Data entries
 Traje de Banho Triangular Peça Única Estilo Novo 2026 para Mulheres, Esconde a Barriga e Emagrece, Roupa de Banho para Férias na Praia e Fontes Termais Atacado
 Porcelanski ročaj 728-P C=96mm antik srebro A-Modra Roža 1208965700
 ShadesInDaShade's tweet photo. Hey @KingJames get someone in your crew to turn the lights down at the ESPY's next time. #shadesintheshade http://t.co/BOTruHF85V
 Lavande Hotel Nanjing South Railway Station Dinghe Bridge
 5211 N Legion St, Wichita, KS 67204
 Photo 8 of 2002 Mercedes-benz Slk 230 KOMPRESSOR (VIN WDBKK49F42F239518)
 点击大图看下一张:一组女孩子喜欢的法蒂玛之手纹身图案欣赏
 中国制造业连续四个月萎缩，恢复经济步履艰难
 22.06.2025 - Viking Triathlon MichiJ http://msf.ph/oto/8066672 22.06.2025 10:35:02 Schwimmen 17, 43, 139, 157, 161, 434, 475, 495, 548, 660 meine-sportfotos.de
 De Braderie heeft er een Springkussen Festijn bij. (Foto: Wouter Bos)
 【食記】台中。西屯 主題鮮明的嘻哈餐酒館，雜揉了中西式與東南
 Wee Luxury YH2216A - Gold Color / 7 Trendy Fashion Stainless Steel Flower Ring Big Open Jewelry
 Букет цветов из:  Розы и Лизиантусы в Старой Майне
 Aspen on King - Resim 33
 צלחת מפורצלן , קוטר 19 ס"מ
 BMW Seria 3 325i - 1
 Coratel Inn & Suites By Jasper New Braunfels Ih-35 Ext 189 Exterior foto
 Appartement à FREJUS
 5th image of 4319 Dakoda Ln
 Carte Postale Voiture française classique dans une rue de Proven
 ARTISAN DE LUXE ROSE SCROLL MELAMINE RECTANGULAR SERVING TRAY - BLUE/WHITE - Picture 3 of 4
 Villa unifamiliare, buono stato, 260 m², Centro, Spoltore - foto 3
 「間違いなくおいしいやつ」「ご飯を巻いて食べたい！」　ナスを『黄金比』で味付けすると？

How to complete this task
Could you reproduce every entry above exactly as written?

Completed exercise
 Traje de Banho Triangular Peça Única Estilo Novo 2026 para Mulheres, Esconde a Barriga e Emagrece, Roupa de Banho para Férias na Praia e Fontes Termais Atacado
 Porcelanski ročaj 728-P C=96mm antik srebro A-Modra Roža 1208965700
 ShadesInDaShade's tweet photo. Hey @KingJames get someone in your crew to turn the lights down at the ESPY's next time. #shadesintheshade http://t.co/BOTruHF85V
 Lavande Hotel Nanjing South Railway Station Dinghe Bridge
 5211 N Legion St, Wichita, KS 67204
 Photo 8 of 2002 Mercedes-benz Slk 230 KOMPRESSOR (VIN WDBKK49F42F239518)
 点击大图看下一张:一组女孩子喜欢的法蒂玛之手纹身图案欣赏
 中国制造业连续四个月萎缩，恢复经济步履艰难
 22.06.2025 - Viking Triathlon MichiJ http://msf.ph/oto/8066672 22.06.2025 10:35:02 Schwimmen 17, 43, 139, 157, 161, 434, 475, 495, 548, 660 meine-sportfotos.de
 De Braderie heeft er een Springkussen Festijn bij. (Foto: Wouter Bos)
 【食記】台中。西屯 主題鮮明的嘻哈餐酒館，雜揉了中西式與東南
 Wee Luxury YH2216A - Gold Color / 7 Trendy Fashion Stainless Steel Flower Ring Big Open Jewelry
 Букет цветов из:  Розы и Лизиантусы в Старой Майне
 Aspen on King - Resim 33
 צלחת מפורצלן , קוטר 19 ס"מ
 BMW Seria 3 325i - 1
 Coratel Inn & Suites By Jasper New Braunfels Ih-35 Ext 189 Exterior foto
 Appartement à FREJUS
 5th image of 4319 Dakoda Ln
 Carte Postale Voiture française classique dans une rue de Proven
 ARTISAN DE LUXE ROSE SCROLL MELAMINE RECTANGULAR SERVING TRAY - BLUE/WHITE - Picture 3 of 4
 Villa unifamiliare, buono stato, 260 m², Centro, Spoltore - foto 3
 「間違いなくおいしいやつ」「ご飯を巻いて食べたい！」　ナスを『黄金比』で味付けすると？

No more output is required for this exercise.